[[ Information shown, beginning ]]

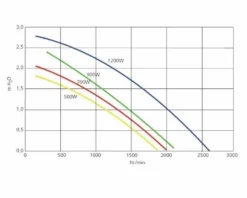 Genesis G50 Air Spa Blower 0,6 PK -Opblaasbare Jacuzzi Verkoop blowergenesisdebitair 2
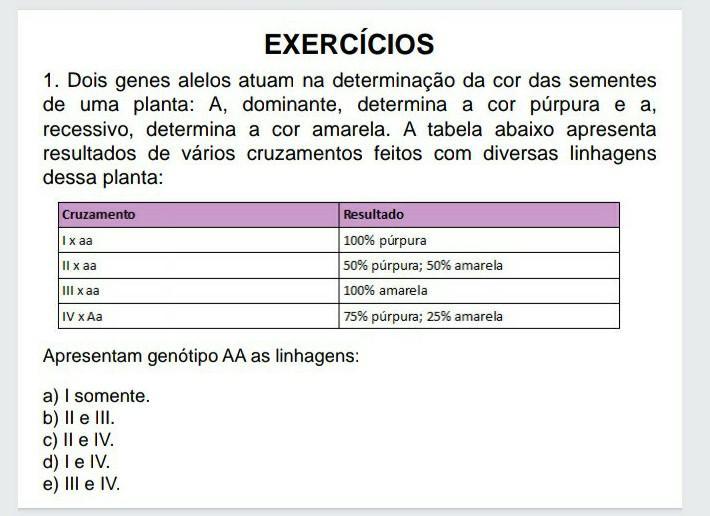 Me ajudem urgenteDois genes alelos atuam na determinação da cor das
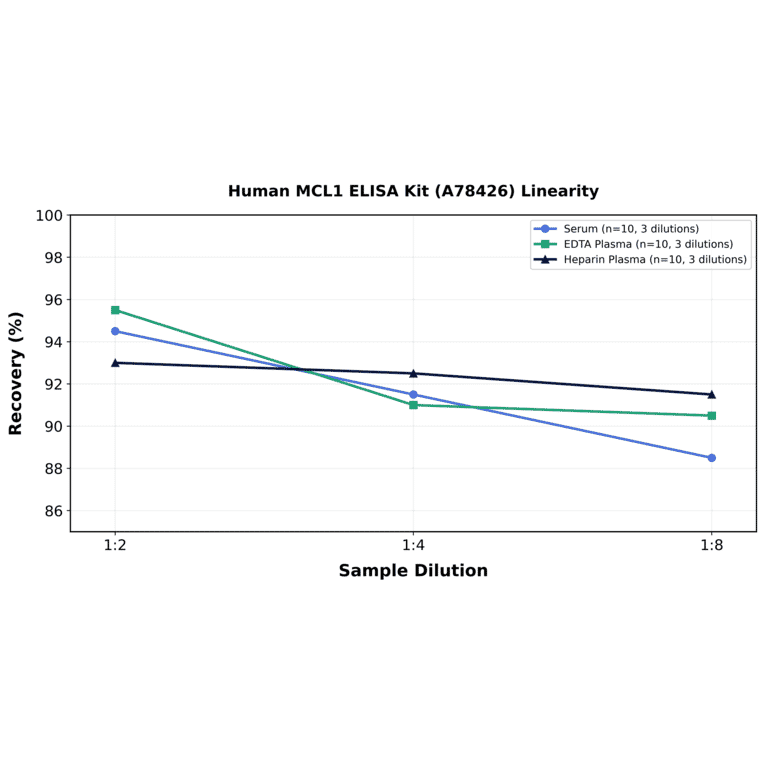 Linearity - Human MCL1 ELISA Kit (A78426) - Antibodies.com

[[ Information shown, end ]]

Starting with the line that contains "Me ajudem urgenteDois", copy every line word for word through the end of the listing above, but leave out the pictures.

 Me ajudem urgenteDois genes alelos atuam na determinação da cor das
 Linearity - Human MCL1 ELISA Kit (A78426) - Antibodies.com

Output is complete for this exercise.